* [Provided material]:

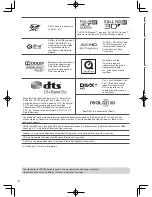 Preview for 2 page of Panasonic Viera DT50A series Operating Instructions Manual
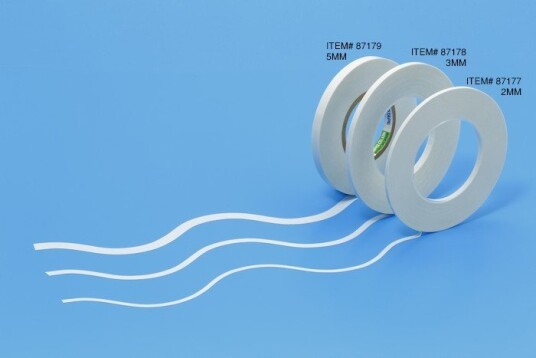 Tamiya Maskeringstape Buet 2mm Tamiya Maskeringstape Buet 2mm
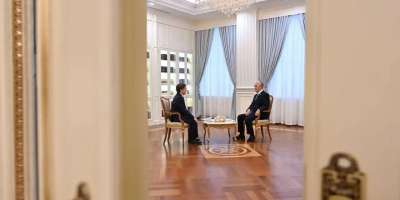 Colman Domingo and Jude Law at amfAR’s Venice Gala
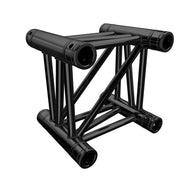Global Truss F34 PL 0.25m Stage Black Truss (F34025PL-B) - Back Panel and Connections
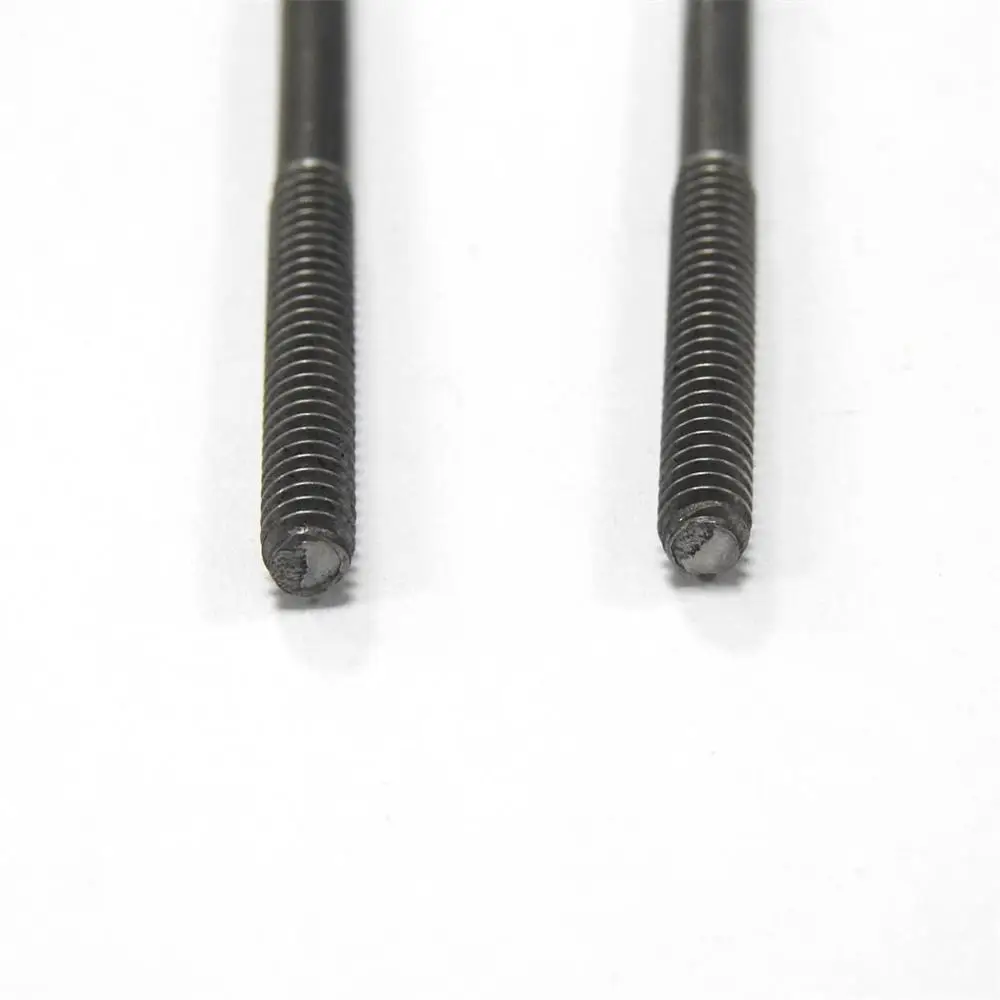 Wholesale Natural Color Metal L-Shaped Carbon Steel Screw Hooks for Hangers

* [Problem]:
Give again, word for word, the lines from the one containing "Global Truss F34" through the last line of the entries, with pictures omitted and nothing added.

* [Exercise response]:
Global Truss F34 PL 0.25m Stage Black Truss (F34025PL-B) - Back Panel and Connections
 Wholesale Natural Color Metal L-Shaped Carbon Steel Screw Hooks for Hangers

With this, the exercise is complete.